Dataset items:
++++++++++++++++++++

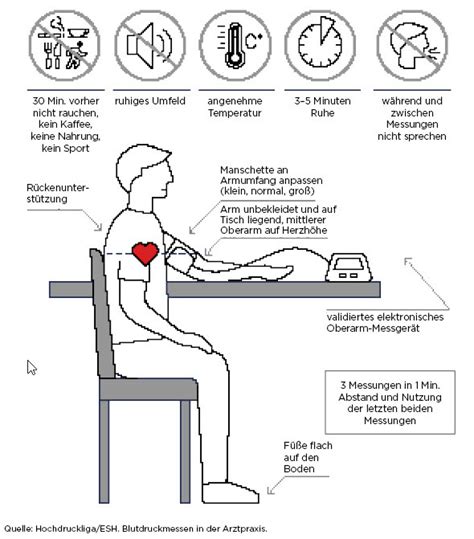 Blutdruck Richtig Messen Wann Wie Und Wie Oft Anleitung Hot Sex Picture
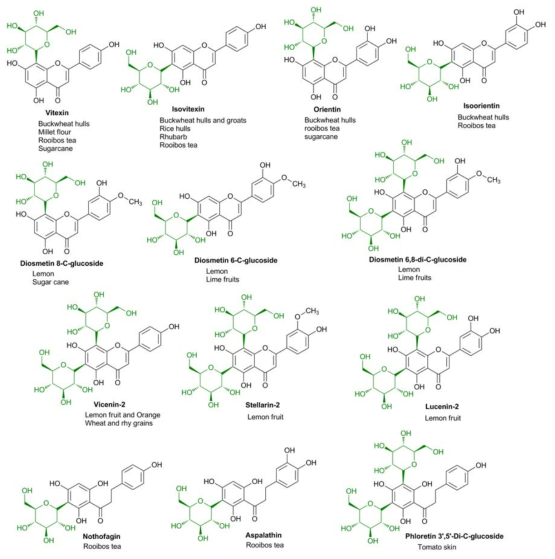 자연에 존재하는 C-glycosylation 되어 있는 Polyphenol 종류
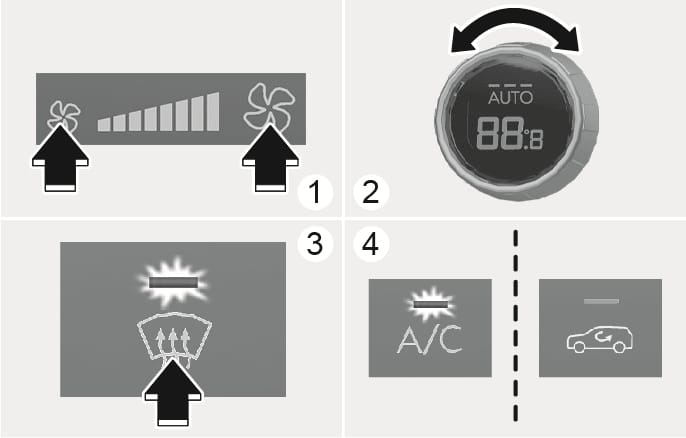 2025 Hyundai Tucson windshield defogging procedure image. Features numbered steps: (1) arrows selecting fan speed, (2) a curved arrow adjusting the temperature knob, (3) an arrow pressing the front defroster button, and (4) A/C and air intake buttons. Explains the sequence to defog the inside windshield.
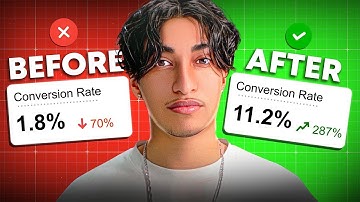 The Science Behind High Converting Pop Up Forms (Ecommerce Email Marketing)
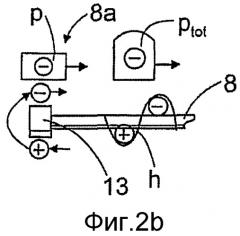 Ударное устройство (варианты), блок управления ударным устройством и способ управления ударным устройством (патент 2390404)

++++++++++++++++++++

Find the line with "2025 Hyundai Tucson" in the data above, and from there retype each line exactly through the line with "The Science Behind", skipping the pictures along the way.

TASK ANSWER:
 2025 Hyundai Tucson windshield defogging procedure image. Features numbered steps: (1) arrows selecting fan speed, (2) a curved arrow adjusting the temperature knob, (3) an arrow pressing the front defroster button, and (4) A/C and air intake buttons. Explains the sequence to defog the inside windshield.
 The Science Behind High Converting Pop Up Forms (Ecommerce Email Marketing)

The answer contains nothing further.